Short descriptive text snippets

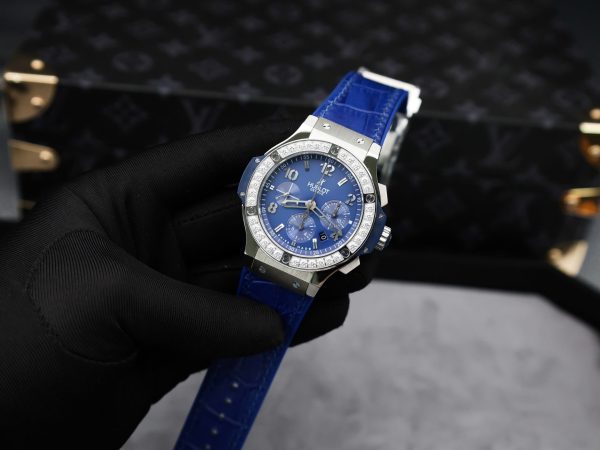 Đồng Hồ Hublot Big Bang Chronograph Chế Tác Viền Đính Kim Cương Moissanite Màu Xanh Blue 44mm (2)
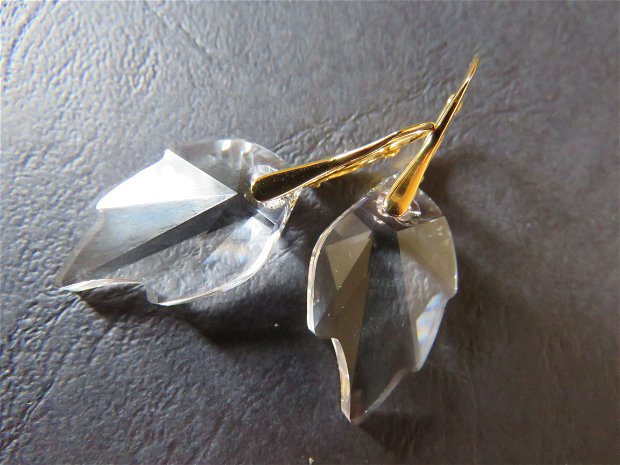 Cercei albi auriti din Cristale Swarovski leaf / frunza si argint 925 - CE299.1a - Cercei mari alb transparent, cercei eleganti din cristale, cercei romantici aurii, cercei mireasa, cercei ocazie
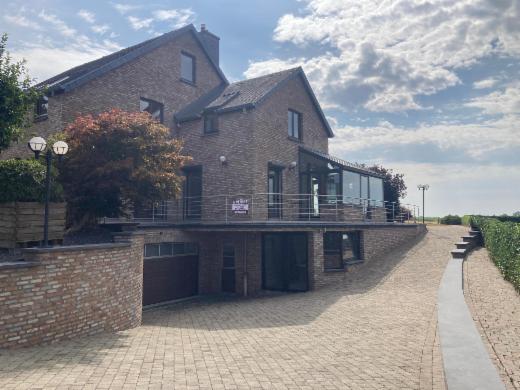 Eerste alternatieve foto van het pand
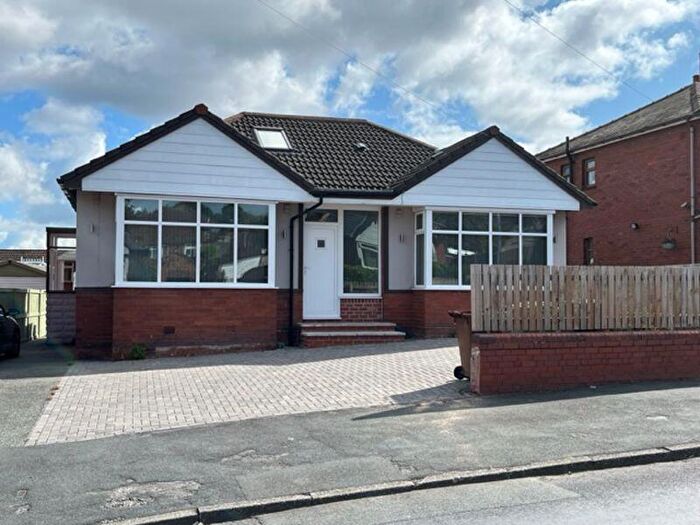 4 Bedroom Detached Bungalow To Rent In Butt Lane, Leeds, LS12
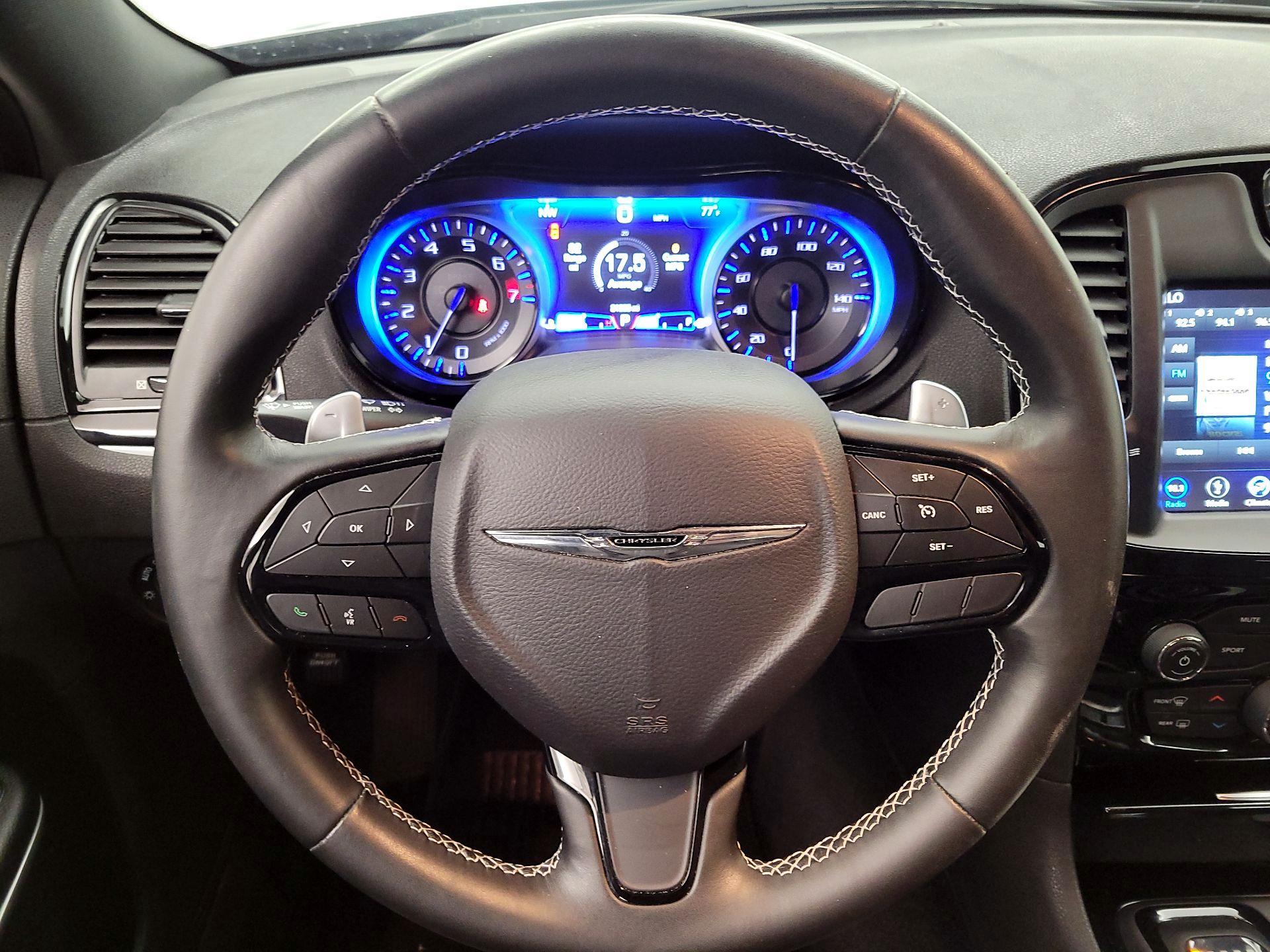 Thumbnail: 2019 Chrysler 300 - 10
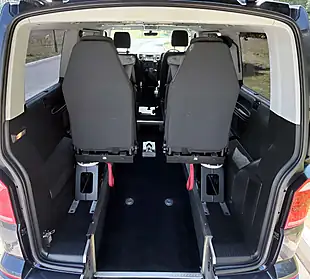 Used 2018 Volkswagen Transporter Se Blue - Interior and Exterior details 11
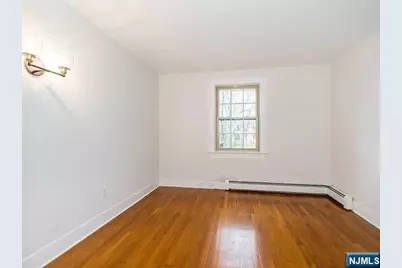 81A Alexander Avenue 1 #1, Montclair, NJ 07043 - Photo 11
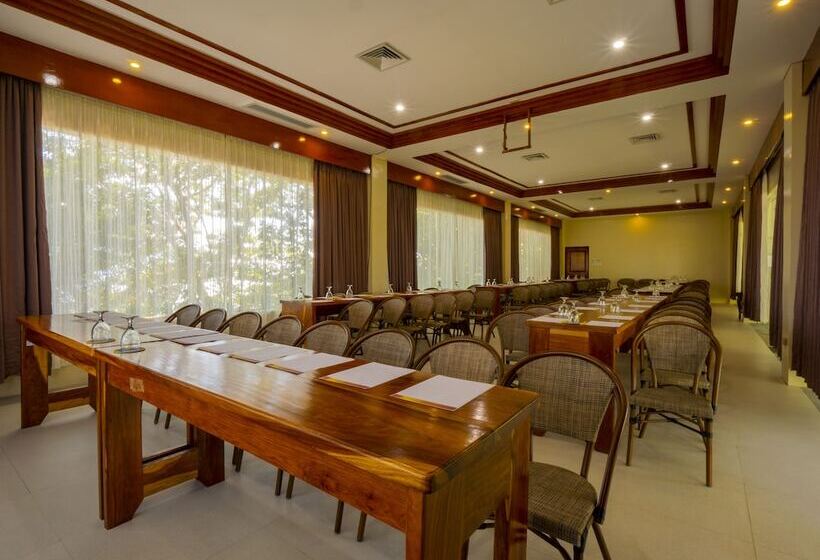 ホテル Sunlight Eco Tourism Island Resort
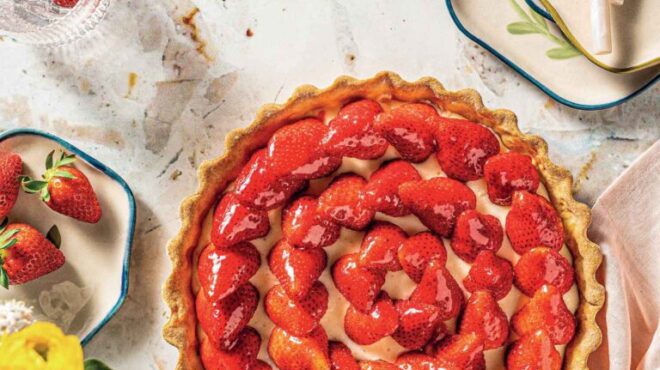 τάρτα-με-φράουλες-και-κρέμα-κλασική-κα-563596834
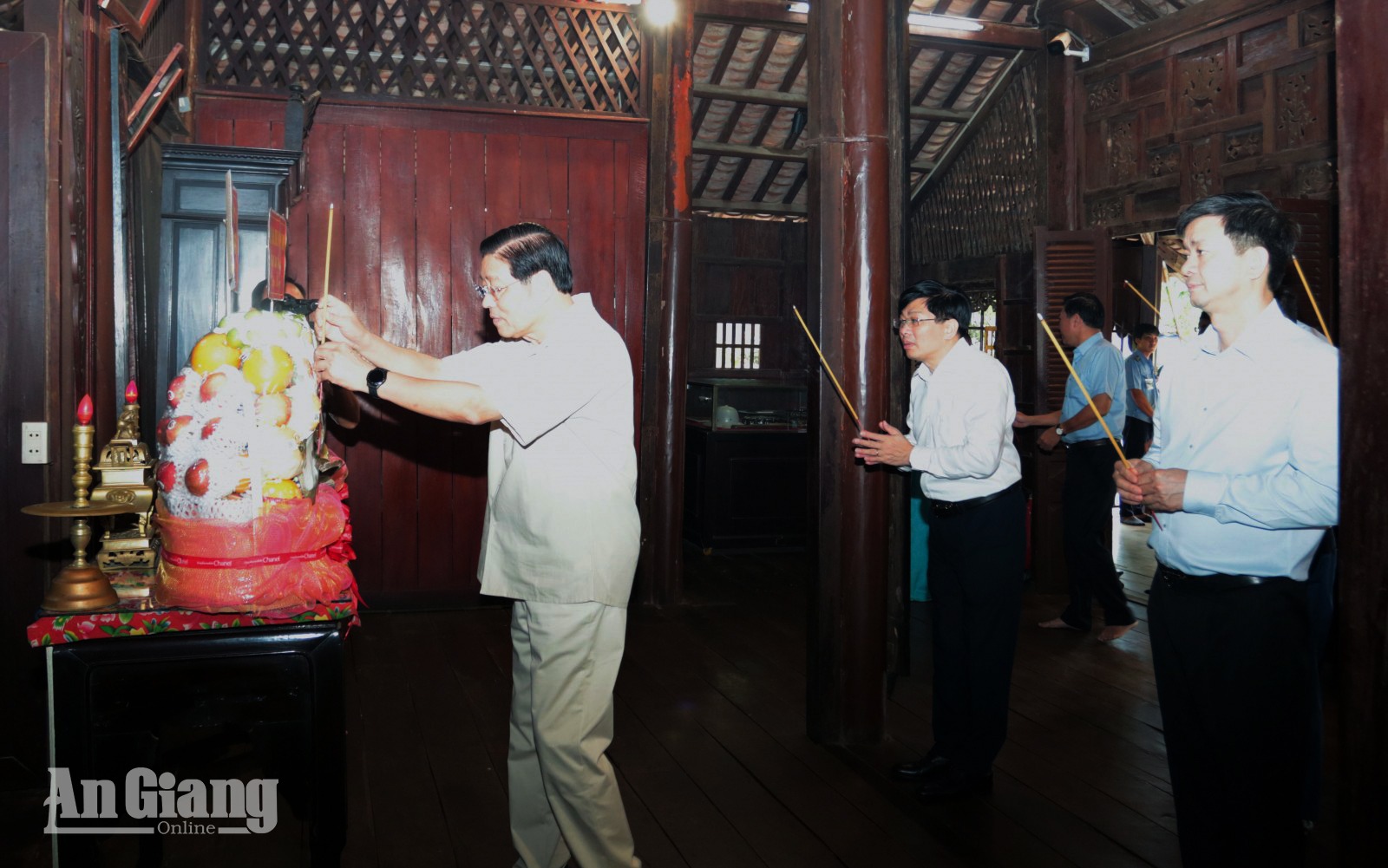 Nguyên Trưởng Ban Nội chính Trung ương Phan Đình Trạc; Bí thư Tỉnh ủy An Giang Lê Quang Tùng và các đại biểu cùng dâng hương tại nhà sàn thời niên thiếu Chủ tịch Tôn Đức Thắng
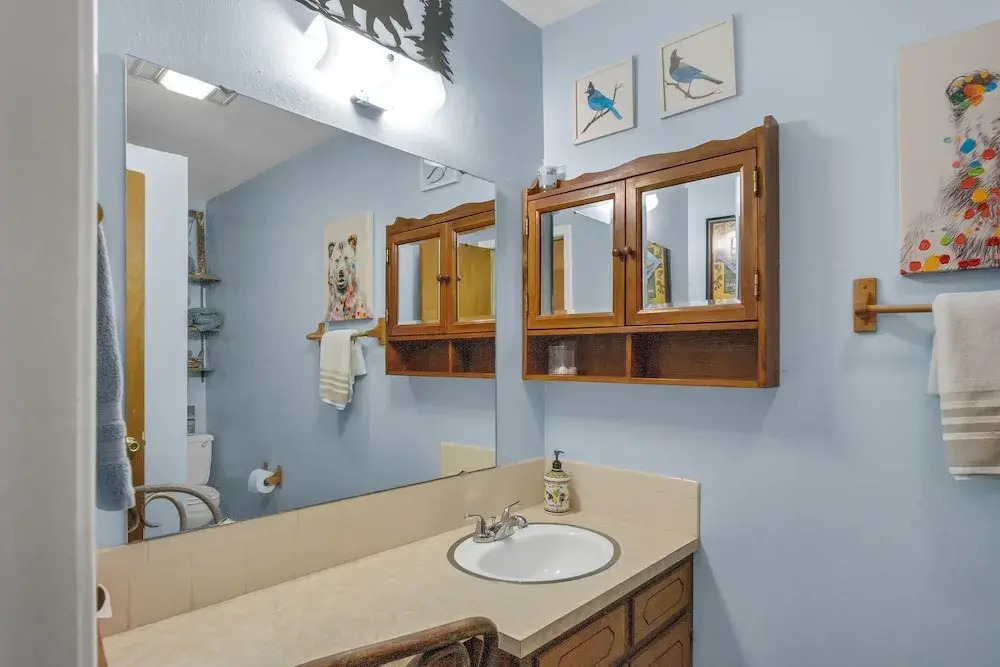 Eagle's Nest - Hot Tub, Deck & Prime Location 2 Bedroom Cabin - фото 10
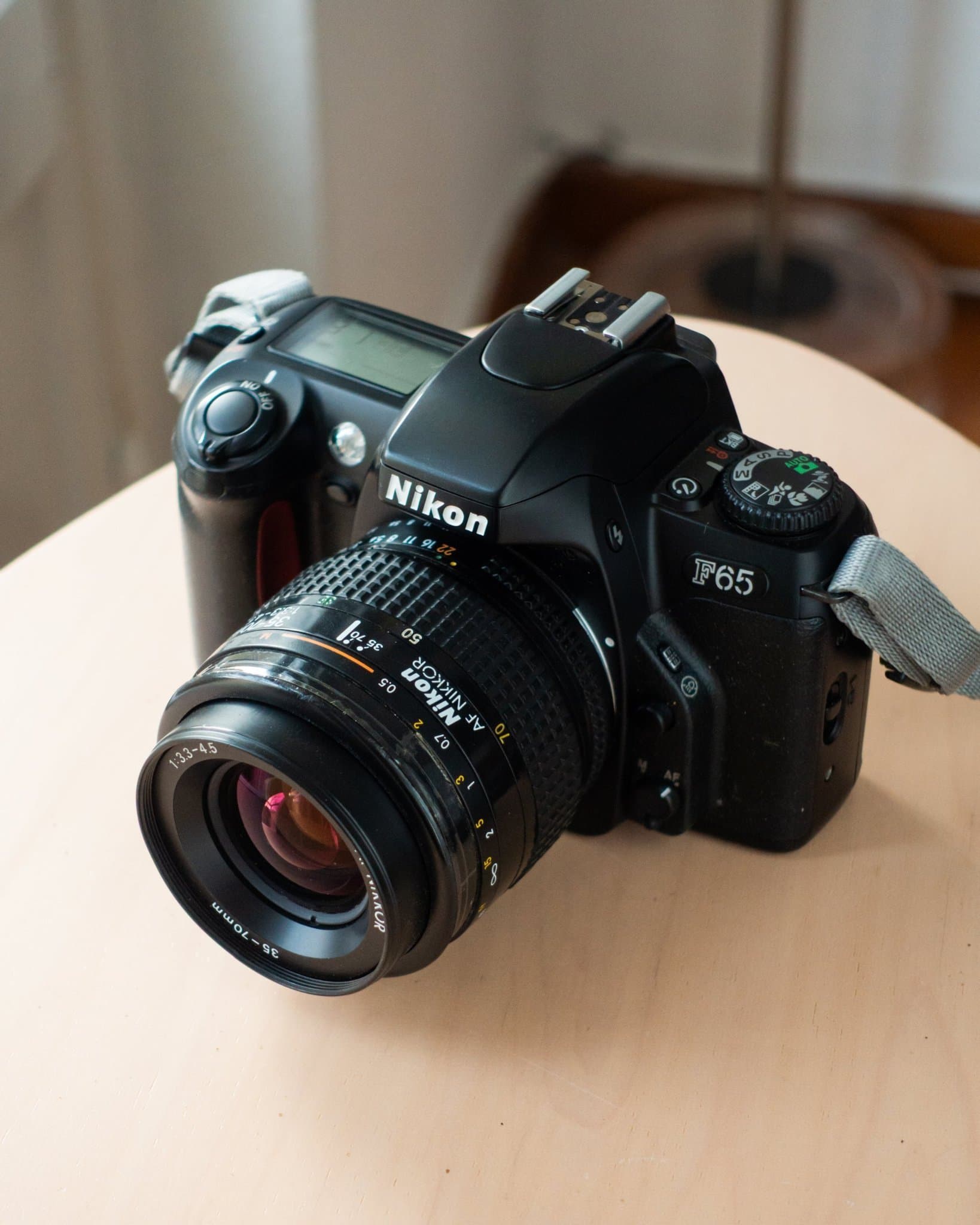 Nikon F65 35mm Analog SLR Camera + AF Zoom-Nikkor 35-70 mm f/3.3-4.5 Lens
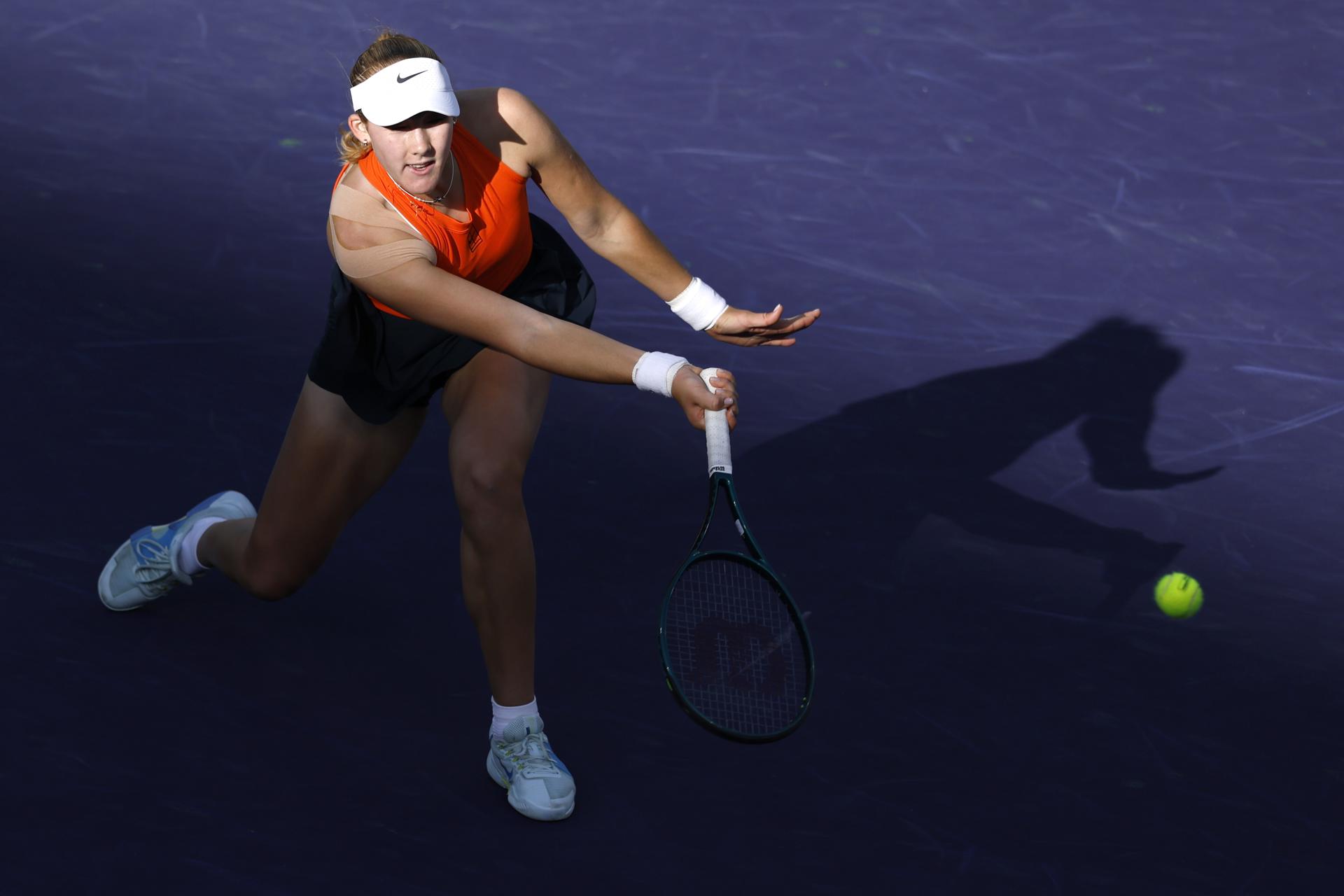 La rusa Mirra Andreeva en acción contra la polaca Iga Swiatek durante las semifinales femeninas del torneo de tenis BNP Paribas Open en Indian Wells, California (EE.UU.). EFE/JOHN G. MABANGLO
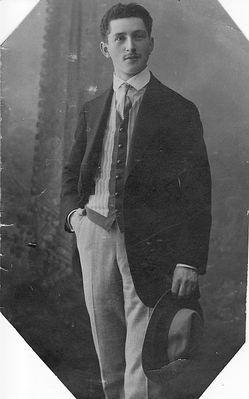 David Usvanski 1913 (?)
David ben Eliahu Menachem Usvanski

** What is required **
Should there be pictures in the data, leave them out and return the rest exactly.

** Answer for this exercise **
 Đồng Hồ Hublot Big Bang Chronograph Chế Tác Viền Đính Kim Cương Moissanite Màu Xanh Blue 44mm (2)
 Cercei albi auriti din Cristale Swarovski leaf / frunza si argint 925 - CE299.1a - Cercei mari alb transparent, cercei eleganti din cristale, cercei romantici aurii, cercei mireasa, cercei ocazie
 Eerste alternatieve foto van het pand
 4 Bedroom Detached Bungalow To Rent In Butt Lane, Leeds, LS12
 Thumbnail: 2019 Chrysler 300 - 10
 Used 2018 Volkswagen Transporter Se Blue - Interior and Exterior details 11
 81A Alexander Avenue 1 #1, Montclair, NJ 07043 - Photo 11
 ホテル Sunlight Eco Tourism Island Resort
 τάρτα-με-φράουλες-και-κρέμα-κλασική-κα-563596834
 Nguyên Trưởng Ban Nội chính Trung ương Phan Đình Trạc; Bí thư Tỉnh ủy An Giang Lê Quang Tùng và các đại biểu cùng dâng hương tại nhà sàn thời niên thiếu Chủ tịch Tôn Đức Thắng
 Eagle's Nest - Hot Tub, Deck & Prime Location 2 Bedroom Cabin - фото 10
 Nikon F65 35mm Analog SLR Camera + AF Zoom-Nikkor 35-70 mm f/3.3-4.5 Lens
 La rusa Mirra Andreeva en acción contra la polaca Iga Swiatek durante las semifinales femeninas del torneo de tenis BNP Paribas Open en Indian Wells, California (EE.UU.). EFE/JOHN G. MABANGLO
 David Usvanski 1913 (?)
David ben Eliahu Menachem Usvanski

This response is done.